ASIC said it had permanently banned former Guardian Advice insurance adviser Andrew Moroney from providing financial services. The regulator alleged Moroney "operated a business model of providing advice that prioritised his own interests ahead of his clients".
ASIC said Moroney's business model involved annually recommending his clients replace one insurance policy with another, meaning he received a high up-front commission payment for each replaced policy. According to ASIC, this meant clients who entered into a new life insurance policy annually were at risk of exclusionary periods and revised terms.
ASIC further alleged that Moroney:
- failed to make reasonable enquiries into the circumstances of the clients before providing advice to them to enter into a new life insurance policy;
- failed to conduct reasonable enquiries into insurance policies, both those already held by clients and alternative policies;
- incorrectly stated he had undertaken research on alternative life insurance policies, when this was not done;
- failed to demonstrate that the advice he provided to the clients was appropriate and in the best interests of the clients, based on their circumstances; and
- prioritised his own commercial interests ahead of the interests of the clients.
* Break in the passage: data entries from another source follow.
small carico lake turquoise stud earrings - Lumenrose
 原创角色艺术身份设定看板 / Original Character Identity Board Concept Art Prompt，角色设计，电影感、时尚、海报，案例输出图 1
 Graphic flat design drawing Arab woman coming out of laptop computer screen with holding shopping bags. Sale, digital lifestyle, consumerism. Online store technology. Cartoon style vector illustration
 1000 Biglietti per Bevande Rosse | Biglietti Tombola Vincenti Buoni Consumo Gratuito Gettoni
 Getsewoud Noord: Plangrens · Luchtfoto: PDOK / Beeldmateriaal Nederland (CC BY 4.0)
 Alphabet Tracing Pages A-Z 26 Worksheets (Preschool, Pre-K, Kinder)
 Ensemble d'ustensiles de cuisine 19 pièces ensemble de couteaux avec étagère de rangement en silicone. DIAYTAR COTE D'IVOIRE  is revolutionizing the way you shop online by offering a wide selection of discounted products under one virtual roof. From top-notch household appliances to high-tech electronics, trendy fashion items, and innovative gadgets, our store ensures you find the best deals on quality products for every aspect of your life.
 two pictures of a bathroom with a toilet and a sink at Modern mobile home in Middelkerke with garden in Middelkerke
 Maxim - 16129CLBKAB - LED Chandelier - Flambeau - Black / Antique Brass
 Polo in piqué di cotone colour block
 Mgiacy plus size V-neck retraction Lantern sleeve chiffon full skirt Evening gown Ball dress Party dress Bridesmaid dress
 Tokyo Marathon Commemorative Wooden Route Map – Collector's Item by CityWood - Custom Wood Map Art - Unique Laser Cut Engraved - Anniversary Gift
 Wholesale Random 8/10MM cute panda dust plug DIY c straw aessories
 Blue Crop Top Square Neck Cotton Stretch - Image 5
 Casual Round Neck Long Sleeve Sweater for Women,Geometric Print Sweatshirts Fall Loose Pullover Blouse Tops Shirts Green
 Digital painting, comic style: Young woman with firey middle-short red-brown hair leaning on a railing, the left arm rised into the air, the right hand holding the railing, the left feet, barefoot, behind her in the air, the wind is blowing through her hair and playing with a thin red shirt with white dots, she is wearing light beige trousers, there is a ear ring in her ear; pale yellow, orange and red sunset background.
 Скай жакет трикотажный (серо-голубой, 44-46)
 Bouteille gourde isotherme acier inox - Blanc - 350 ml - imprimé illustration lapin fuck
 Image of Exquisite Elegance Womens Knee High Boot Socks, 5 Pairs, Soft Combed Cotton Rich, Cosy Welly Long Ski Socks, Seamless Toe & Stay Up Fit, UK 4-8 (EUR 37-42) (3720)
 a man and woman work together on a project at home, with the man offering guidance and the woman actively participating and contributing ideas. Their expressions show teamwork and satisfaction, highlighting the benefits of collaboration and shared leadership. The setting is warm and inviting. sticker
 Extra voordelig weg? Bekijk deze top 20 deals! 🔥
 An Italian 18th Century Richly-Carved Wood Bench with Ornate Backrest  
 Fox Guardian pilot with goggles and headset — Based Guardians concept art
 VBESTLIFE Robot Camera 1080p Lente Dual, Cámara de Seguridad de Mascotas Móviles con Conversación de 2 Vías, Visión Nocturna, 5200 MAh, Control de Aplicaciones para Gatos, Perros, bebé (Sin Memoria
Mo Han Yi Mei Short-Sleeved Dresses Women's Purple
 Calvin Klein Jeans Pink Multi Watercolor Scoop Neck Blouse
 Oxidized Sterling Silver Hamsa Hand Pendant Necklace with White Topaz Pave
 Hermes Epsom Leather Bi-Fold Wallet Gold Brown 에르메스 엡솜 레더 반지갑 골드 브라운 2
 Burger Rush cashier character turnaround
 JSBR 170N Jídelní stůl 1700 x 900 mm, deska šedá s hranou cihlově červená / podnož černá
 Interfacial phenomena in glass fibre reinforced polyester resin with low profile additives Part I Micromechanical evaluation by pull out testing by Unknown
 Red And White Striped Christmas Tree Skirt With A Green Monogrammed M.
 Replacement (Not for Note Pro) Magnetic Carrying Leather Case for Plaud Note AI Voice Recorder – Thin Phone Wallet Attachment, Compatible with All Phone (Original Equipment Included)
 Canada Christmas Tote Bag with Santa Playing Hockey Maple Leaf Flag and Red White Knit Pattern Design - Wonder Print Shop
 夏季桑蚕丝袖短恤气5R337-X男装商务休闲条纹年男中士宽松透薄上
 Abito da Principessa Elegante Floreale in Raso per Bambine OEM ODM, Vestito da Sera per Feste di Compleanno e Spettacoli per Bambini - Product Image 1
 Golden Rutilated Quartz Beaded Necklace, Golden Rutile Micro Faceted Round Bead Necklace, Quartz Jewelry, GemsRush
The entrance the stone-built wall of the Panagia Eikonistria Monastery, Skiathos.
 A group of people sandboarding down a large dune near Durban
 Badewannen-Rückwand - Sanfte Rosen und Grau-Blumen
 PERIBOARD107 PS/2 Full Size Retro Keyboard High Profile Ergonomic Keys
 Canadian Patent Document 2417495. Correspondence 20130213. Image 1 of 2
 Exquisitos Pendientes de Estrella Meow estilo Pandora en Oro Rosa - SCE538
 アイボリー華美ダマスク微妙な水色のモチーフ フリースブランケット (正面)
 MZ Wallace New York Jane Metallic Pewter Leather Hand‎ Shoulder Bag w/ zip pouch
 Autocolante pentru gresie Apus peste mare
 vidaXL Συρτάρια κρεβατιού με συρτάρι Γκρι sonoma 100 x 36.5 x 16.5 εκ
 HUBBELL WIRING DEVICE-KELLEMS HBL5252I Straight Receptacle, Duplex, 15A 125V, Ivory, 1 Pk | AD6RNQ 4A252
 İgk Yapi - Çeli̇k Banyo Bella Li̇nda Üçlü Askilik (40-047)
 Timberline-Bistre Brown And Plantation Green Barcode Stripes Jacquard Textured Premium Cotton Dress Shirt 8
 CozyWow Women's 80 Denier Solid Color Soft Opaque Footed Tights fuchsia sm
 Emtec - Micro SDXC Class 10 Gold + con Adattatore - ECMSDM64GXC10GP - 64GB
"Conduct by advisers aimed at maximising commission by replacing insurance policies, without valid reason, is unacceptable. It puts clients' coverage at risk and drives costs in the sector, which are ultimately borne by consumers. ASIC will remove advisers whose conduct breaches financial services laws and falls short of the standards expected of the industry," ASIC deputy chair Peter Kell said.
ASIC's recent wave of bannings has continued as the regulator has handed a permanent ban to a former insurance adviser.